AKIPRESS.COM -
Prime Minister of Turkey Recep Tayyip Erdogan condemned anti-government protesters on Thursday as “charlatans” bent on sowing chaos in the run-up to local elections after Turkey's worst civil unrest since mass protests last summer, The World Post reported.
Two people died during protests on Wednesday, including a police officer in eastern Turkey who suffered a heart attack and a 22-year-old man shot in Istanbul in an apparent stand-off with a group of anti-government protesters.
Several thousand people gathered for Burakcan Karamanoglu's funeral in Istanbul's conservative Kasimpasa district, where Erdogan grew up and still commands fervent loyalty, his death becoming a rallying point for government supporters.
“Kasimpasa don't sleep! Stand up for your martyr! Break the hands of those who touch the police,” they shouted as Karamanoglu's coffin, wrapped in the red-and-white Turkish flag, was carried through the streets to a nearby mosque.
Erdogan said Karamanoglu had been killed by the DHKP-C, a far-left group behind a suicide bombing at the U.S. Embassy last year as well as attacks on Turkish police stations. Turkey and its Western allies consider the DHKP-C a terrorist group. The Istanbul governor's office said the assailant was unknown.

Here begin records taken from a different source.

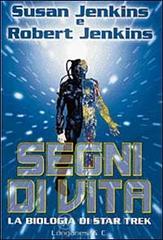Segni di vita. La biologia di Star Trek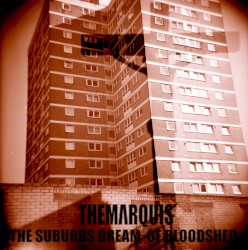 The Suburbs Dream of Bloodshed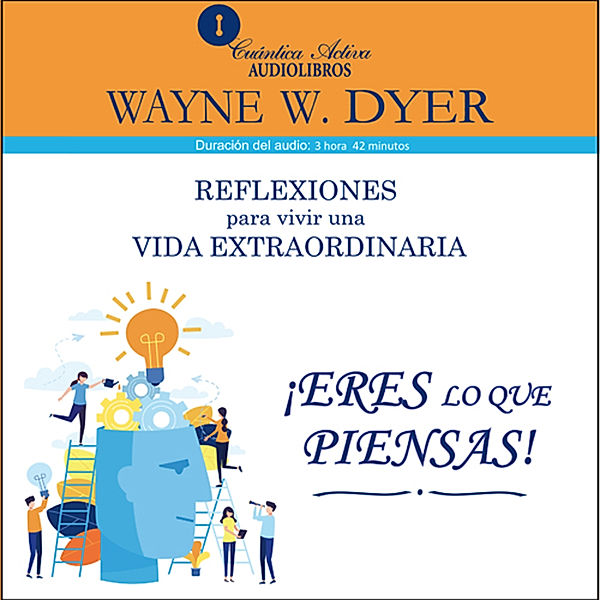 Eres lo que piensas, Wayne W. Dyer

Karamanoglu's funeral provided a sharp contrast to the burial on Wednesday in an adjacent neighborhood of a teenager wounded by a police gas canister last June.
His death after nine months in a coma ignited fresh anti-government demonstrations, with tens of thousands of people taking to the streets of Istanbul and other cities chanting slogans including “Tayyip! Killer!” Riot police later intervened with water cannon, tear gas and rubber pellets.

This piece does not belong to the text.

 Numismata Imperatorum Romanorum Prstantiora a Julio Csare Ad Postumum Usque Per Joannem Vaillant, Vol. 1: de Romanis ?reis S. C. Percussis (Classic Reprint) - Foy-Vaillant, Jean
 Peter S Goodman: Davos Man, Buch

On Thursday, streets were quieter, although police in the capital Ankara fired bursts of water cannon to clear small pockets of protesters and detained at least 15 people, mostly students.

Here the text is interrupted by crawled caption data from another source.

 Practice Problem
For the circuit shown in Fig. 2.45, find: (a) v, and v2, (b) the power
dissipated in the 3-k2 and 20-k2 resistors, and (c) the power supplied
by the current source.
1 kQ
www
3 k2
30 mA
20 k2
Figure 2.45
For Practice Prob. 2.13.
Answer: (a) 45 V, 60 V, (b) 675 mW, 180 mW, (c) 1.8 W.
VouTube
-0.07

Erdogan, who is campaigning around the country for municipal elections on March 30, dismissed the anti-government unrest as a plot to undermine him and said protesters had “burned and destroyed” offices of his ruling AK Party in Istanbul.
“You were supposed to be democrats, pro-freedom. These are charlatans, they have nothing to do with democracy, they do not believe in the ballot box,” he said at an opening ceremony for an underground train line in Ankara.
“They are saying 'let's cause chaos and maybe we'll get a result'. But my brothers in Ankara and Turkey will give the necessary answer on March 30,” he said.